Ante esta operación de narcotización, la izquierda soberanista se encuentra con un dilema fundamental, en tensión entre dos trampas (aparentemente) opuestas. Por un lado, existe el riesgo de dejarse arrastrar a una espiral autorreferencial, alimentada por la épica del 2017 y un momento político que ya ha pasado. Es donde se encuentra cómoda una parte del independentismo, instalado en una gramática política que tiene su público, pero que cada día que pasa se encuentra más alejada del sentido común de una sociedad que hace días que se mueve por otros senderos.
Pero la alternativa a este riesgo de ensimismamiento no puede ser acomodarse en la gestión de la grisura a cambio de gerencias en diputaciones, ayuntamientos y otras instituciones en el papel de socio menor del PSC en gobiernos que no tienen proyecto ni ambición transformadora. Porque esto implica, necesariamente, dejarse arrastrar por el intento de dormir el país y el conflicto social y nacional que le son consustanciales, en una operación que a medio plazo solo beneficiará a las fuerzas conservadoras.
Tanto una opción como otra sitúan a las izquierdas soberanistas en una posición de subalternidad, en un mapa político en el que los actores centrales son otros.
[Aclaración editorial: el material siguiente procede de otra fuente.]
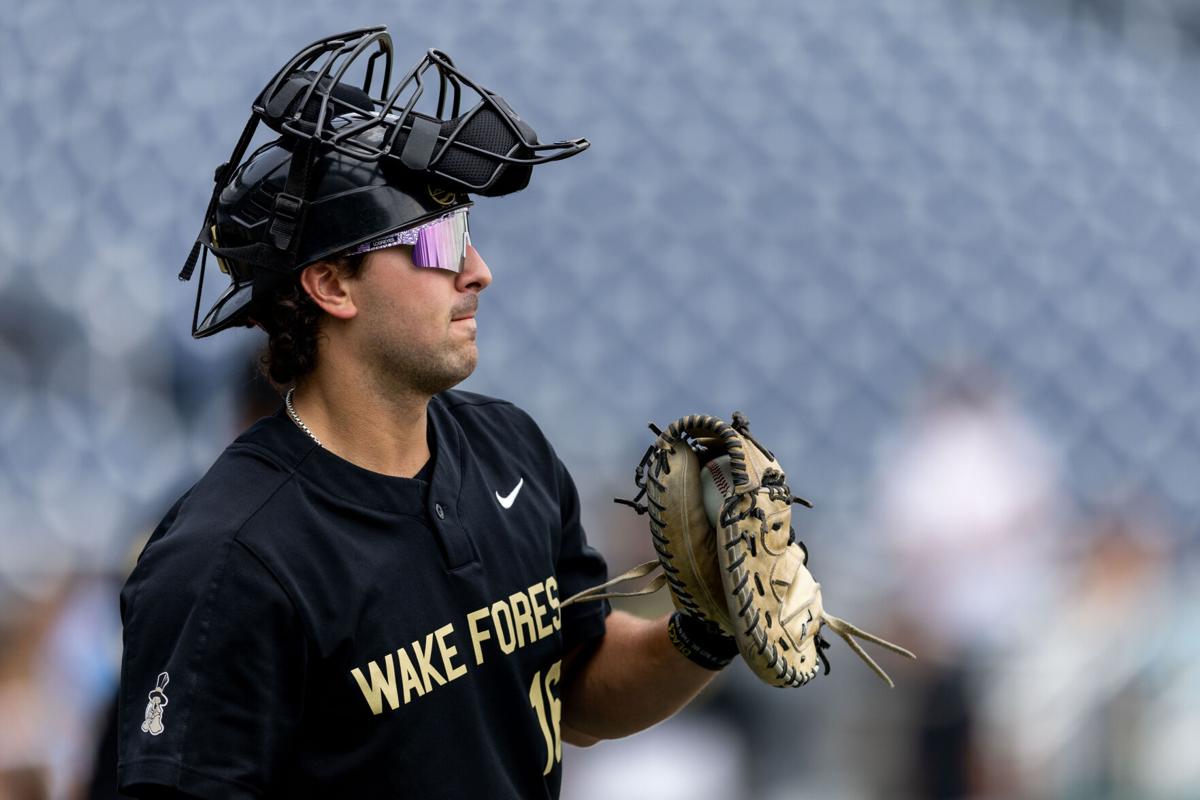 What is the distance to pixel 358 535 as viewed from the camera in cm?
175

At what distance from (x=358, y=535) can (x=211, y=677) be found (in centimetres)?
26

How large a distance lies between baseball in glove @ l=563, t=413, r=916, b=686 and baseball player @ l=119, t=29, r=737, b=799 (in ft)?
0.45

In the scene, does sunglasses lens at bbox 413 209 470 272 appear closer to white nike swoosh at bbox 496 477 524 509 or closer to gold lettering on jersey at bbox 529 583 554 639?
white nike swoosh at bbox 496 477 524 509

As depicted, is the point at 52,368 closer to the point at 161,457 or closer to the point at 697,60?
the point at 161,457

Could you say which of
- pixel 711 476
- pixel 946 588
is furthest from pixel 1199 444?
pixel 711 476

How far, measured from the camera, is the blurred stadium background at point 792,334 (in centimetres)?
399

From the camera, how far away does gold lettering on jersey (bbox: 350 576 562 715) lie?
168cm

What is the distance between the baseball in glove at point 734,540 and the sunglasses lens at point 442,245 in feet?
1.14

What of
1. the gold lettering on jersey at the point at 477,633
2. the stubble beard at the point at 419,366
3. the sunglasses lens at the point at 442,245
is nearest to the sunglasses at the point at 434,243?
the sunglasses lens at the point at 442,245

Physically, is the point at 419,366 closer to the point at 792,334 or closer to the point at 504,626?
the point at 504,626

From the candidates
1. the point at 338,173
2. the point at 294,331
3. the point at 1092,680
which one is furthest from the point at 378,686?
the point at 1092,680

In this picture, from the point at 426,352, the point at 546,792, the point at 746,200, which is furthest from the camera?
the point at 746,200

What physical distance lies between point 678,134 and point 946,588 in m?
1.59

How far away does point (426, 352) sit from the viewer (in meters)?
1.80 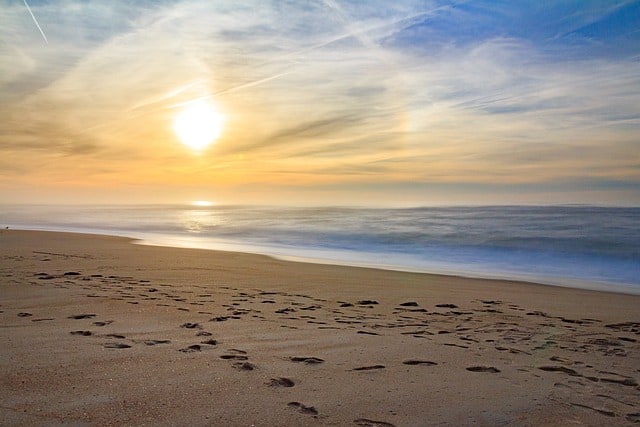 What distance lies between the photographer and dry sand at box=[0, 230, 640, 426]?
10.8 ft

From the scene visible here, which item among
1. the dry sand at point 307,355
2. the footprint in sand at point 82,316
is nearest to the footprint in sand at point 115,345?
the dry sand at point 307,355

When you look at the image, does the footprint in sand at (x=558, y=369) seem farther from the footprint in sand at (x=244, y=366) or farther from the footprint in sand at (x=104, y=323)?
the footprint in sand at (x=104, y=323)

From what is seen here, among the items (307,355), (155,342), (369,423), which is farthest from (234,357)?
(369,423)

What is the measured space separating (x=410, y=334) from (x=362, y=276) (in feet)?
16.1

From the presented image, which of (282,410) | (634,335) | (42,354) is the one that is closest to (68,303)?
(42,354)

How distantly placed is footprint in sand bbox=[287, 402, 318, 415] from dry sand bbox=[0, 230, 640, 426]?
37 millimetres

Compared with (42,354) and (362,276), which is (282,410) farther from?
(362,276)

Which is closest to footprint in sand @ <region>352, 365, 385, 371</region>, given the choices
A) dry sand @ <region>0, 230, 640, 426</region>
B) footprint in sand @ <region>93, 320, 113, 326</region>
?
dry sand @ <region>0, 230, 640, 426</region>

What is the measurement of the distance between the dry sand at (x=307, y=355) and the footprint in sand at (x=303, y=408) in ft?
0.12

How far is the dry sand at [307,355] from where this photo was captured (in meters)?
3.30

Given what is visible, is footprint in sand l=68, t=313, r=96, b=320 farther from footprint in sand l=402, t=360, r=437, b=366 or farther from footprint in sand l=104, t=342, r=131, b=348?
footprint in sand l=402, t=360, r=437, b=366

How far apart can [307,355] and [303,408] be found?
1.19m

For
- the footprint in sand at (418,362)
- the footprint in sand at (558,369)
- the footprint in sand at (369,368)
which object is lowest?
the footprint in sand at (369,368)

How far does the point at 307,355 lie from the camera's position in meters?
4.51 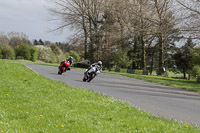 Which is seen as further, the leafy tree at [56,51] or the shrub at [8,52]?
the leafy tree at [56,51]

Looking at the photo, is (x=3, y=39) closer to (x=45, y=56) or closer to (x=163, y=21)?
(x=45, y=56)

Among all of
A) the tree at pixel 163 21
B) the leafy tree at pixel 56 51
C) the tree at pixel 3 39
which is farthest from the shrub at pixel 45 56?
the tree at pixel 163 21

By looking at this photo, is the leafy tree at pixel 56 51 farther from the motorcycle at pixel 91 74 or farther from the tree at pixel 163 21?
the motorcycle at pixel 91 74

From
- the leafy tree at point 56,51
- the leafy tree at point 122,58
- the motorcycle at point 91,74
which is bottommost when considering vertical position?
the motorcycle at point 91,74

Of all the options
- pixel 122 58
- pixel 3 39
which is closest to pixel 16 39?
pixel 3 39

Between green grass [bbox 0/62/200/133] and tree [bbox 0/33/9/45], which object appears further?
tree [bbox 0/33/9/45]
Pero en la sociedad catalana existe un espacio muy amplio, una corriente central, que se ubica en coordenadas soberanistas y de izquierdas. Es este espacio el que hay que intentar articular, explorando alianzas dentro de este perímetro, planteadas con sentido estratégico y no solo táctico, o en clave de fichajes oportunistas. Esto pide una mirada que sea plenamente consciente de la realidad del país de hoy, y del nuevo ciclo político en el que nos encontramos. Pero que, al mismo tiempo, no renuncie a hablar de política, ni deje de plantear a la sociedad catalana horizontes de transformación social y emancipación nacional. Esta es la tradición política de la izquierda de este país que, entre tanto ruido, sería bueno recuperar.